What to do: Your task is to copy the stretch of lines in the records below that begins with the line containing "Mocha Pilates Toning" and ends with the line containing "Jeff and Jill", exactly as written, with nothing added.

Short text fragments from websites:
──────

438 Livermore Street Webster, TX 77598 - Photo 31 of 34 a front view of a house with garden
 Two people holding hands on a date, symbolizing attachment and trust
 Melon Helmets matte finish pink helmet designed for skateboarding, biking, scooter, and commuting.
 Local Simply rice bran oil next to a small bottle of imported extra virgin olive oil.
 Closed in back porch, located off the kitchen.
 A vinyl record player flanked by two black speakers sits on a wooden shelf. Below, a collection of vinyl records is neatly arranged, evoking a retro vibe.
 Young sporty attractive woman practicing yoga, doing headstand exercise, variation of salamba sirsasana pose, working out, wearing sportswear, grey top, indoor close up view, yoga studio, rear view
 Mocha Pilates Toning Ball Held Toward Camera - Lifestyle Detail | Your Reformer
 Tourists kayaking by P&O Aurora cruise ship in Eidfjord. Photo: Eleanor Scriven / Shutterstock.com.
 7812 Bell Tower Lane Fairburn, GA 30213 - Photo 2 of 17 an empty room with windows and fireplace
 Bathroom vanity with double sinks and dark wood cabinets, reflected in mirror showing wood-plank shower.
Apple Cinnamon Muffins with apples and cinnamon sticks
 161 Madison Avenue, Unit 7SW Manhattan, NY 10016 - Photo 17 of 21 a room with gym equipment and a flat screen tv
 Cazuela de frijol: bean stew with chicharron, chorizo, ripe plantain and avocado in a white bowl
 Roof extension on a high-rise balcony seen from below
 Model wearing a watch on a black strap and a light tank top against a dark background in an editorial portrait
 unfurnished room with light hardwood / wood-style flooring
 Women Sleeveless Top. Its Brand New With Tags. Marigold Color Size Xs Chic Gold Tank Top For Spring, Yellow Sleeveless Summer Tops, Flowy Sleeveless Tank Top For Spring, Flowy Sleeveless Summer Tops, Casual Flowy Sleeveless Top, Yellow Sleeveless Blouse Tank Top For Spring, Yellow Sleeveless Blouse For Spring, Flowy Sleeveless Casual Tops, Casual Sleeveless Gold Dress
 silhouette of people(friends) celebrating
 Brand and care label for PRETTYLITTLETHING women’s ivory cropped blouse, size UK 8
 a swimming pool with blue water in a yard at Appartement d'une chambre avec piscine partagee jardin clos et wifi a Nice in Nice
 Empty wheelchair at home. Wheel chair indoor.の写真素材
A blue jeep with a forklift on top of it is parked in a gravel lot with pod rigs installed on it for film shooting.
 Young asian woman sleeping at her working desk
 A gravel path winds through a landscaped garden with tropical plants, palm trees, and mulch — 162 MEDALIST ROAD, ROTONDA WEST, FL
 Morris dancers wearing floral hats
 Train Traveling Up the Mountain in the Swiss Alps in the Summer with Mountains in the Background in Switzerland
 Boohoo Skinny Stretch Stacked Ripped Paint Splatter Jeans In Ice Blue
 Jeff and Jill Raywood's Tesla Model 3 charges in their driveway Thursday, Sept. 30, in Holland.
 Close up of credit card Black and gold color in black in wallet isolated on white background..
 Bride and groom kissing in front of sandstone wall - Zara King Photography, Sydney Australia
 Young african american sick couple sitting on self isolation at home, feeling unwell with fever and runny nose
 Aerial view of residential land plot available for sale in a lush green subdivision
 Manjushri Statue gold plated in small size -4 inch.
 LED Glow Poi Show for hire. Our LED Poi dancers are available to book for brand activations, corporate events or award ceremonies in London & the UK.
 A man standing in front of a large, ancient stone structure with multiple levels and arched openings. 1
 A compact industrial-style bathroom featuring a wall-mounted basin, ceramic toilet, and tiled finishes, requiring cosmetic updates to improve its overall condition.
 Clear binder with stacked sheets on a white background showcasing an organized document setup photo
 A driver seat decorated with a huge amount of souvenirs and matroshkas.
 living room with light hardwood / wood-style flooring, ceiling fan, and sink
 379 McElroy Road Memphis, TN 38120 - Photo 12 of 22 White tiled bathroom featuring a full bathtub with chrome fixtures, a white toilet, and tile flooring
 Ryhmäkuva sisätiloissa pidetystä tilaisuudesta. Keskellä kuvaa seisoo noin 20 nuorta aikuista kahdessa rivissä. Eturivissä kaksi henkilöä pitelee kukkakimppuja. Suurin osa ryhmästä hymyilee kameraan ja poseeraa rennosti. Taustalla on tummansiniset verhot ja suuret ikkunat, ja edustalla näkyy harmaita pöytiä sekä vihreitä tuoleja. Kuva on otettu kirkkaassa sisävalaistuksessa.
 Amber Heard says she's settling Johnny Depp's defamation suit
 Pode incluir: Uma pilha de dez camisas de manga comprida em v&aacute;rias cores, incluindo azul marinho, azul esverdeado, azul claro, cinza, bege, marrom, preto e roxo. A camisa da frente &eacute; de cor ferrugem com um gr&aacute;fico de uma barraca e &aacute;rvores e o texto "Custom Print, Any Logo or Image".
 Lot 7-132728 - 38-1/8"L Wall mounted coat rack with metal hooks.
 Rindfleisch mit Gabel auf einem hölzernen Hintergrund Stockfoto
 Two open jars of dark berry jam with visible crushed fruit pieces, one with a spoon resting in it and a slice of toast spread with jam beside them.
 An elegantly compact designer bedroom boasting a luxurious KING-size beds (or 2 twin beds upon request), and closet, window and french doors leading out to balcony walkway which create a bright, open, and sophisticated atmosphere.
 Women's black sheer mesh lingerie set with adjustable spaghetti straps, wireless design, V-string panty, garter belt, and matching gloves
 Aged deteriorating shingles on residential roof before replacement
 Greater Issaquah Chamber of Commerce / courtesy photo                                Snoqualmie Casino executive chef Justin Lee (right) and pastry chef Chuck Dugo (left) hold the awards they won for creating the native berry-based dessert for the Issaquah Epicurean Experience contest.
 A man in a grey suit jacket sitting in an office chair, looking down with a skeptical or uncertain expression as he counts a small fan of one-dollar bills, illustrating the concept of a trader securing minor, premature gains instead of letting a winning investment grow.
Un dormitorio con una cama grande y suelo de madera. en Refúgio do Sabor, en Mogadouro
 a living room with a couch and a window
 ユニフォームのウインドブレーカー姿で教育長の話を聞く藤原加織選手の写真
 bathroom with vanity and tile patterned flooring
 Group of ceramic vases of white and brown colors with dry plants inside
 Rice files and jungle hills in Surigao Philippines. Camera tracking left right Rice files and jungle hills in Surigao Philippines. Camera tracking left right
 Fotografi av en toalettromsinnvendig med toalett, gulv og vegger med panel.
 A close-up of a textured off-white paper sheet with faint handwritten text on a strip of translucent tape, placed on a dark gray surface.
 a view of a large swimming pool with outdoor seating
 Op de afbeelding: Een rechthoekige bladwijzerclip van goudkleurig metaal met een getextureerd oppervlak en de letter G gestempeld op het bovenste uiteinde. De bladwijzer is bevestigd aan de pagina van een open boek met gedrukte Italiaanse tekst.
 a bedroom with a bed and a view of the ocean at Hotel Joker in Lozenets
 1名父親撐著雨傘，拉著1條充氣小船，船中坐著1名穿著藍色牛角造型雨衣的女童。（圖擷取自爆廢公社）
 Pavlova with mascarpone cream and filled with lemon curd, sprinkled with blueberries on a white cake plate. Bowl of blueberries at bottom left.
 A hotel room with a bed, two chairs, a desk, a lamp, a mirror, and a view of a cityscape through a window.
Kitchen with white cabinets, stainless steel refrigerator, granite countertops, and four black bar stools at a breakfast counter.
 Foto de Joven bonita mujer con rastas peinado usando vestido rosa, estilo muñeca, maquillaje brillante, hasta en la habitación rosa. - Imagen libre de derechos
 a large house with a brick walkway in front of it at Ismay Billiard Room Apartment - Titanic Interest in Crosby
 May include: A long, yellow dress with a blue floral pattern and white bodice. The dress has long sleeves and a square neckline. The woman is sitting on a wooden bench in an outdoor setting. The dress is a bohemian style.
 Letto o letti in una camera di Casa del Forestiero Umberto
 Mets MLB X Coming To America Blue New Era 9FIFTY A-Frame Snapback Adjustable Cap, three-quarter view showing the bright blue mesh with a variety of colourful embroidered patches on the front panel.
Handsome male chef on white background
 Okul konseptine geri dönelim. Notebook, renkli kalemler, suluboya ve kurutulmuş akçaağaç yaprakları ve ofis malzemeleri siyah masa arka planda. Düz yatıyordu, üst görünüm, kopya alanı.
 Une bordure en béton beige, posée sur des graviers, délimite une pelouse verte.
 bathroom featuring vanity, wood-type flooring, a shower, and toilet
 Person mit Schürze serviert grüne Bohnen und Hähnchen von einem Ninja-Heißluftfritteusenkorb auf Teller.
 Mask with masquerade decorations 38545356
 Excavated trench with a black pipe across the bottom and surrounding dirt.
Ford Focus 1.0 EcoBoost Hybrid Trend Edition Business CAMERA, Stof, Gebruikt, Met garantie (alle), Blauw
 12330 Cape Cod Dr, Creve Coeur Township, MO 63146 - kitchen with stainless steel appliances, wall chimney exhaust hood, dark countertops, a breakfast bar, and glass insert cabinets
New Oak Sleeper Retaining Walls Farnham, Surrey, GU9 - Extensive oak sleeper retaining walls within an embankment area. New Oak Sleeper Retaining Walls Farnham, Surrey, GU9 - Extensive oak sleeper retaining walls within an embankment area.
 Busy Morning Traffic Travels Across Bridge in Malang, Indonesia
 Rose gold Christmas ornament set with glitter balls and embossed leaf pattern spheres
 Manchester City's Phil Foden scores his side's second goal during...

──────

Exercise solution:
 Mocha Pilates Toning Ball Held Toward Camera - Lifestyle Detail | Your Reformer
 Tourists kayaking by P&O Aurora cruise ship in Eidfjord. Photo: Eleanor Scriven / Shutterstock.com.
 7812 Bell Tower Lane Fairburn, GA 30213 - Photo 2 of 17 an empty room with windows and fireplace
 Bathroom vanity with double sinks and dark wood cabinets, reflected in mirror showing wood-plank shower.
Apple Cinnamon Muffins with apples and cinnamon sticks
 161 Madison Avenue, Unit 7SW Manhattan, NY 10016 - Photo 17 of 21 a room with gym equipment and a flat screen tv
 Cazuela de frijol: bean stew with chicharron, chorizo, ripe plantain and avocado in a white bowl
 Roof extension on a high-rise balcony seen from below
 Model wearing a watch on a black strap and a light tank top against a dark background in an editorial portrait
 unfurnished room with light hardwood / wood-style flooring
 Women Sleeveless Top. Its Brand New With Tags. Marigold Color Size Xs Chic Gold Tank Top For Spring, Yellow Sleeveless Summer Tops, Flowy Sleeveless Tank Top For Spring, Flowy Sleeveless Summer Tops, Casual Flowy Sleeveless Top, Yellow Sleeveless Blouse Tank Top For Spring, Yellow Sleeveless Blouse For Spring, Flowy Sleeveless Casual Tops, Casual Sleeveless Gold Dress
 silhouette of people(friends) celebrating
 Brand and care label for PRETTYLITTLETHING women’s ivory cropped blouse, size UK 8
 a swimming pool with blue water in a yard at Appartement d'une chambre avec piscine partagee jardin clos et wifi a Nice in Nice
 Empty wheelchair at home. Wheel chair indoor.の写真素材
A blue jeep with a forklift on top of it is parked in a gravel lot with pod rigs installed on it for film shooting.
 Young asian woman sleeping at her working desk
 A gravel path winds through a landscaped garden with tropical plants, palm trees, and mulch — 162 MEDALIST ROAD, ROTONDA WEST, FL
 Morris dancers wearing floral hats
 Train Traveling Up the Mountain in the Swiss Alps in the Summer with Mountains in the Background in Switzerland
 Boohoo Skinny Stretch Stacked Ripped Paint Splatter Jeans In Ice Blue
 Jeff and Jill Raywood's Tesla Model 3 charges in their driveway Thursday, Sept. 30, in Holland.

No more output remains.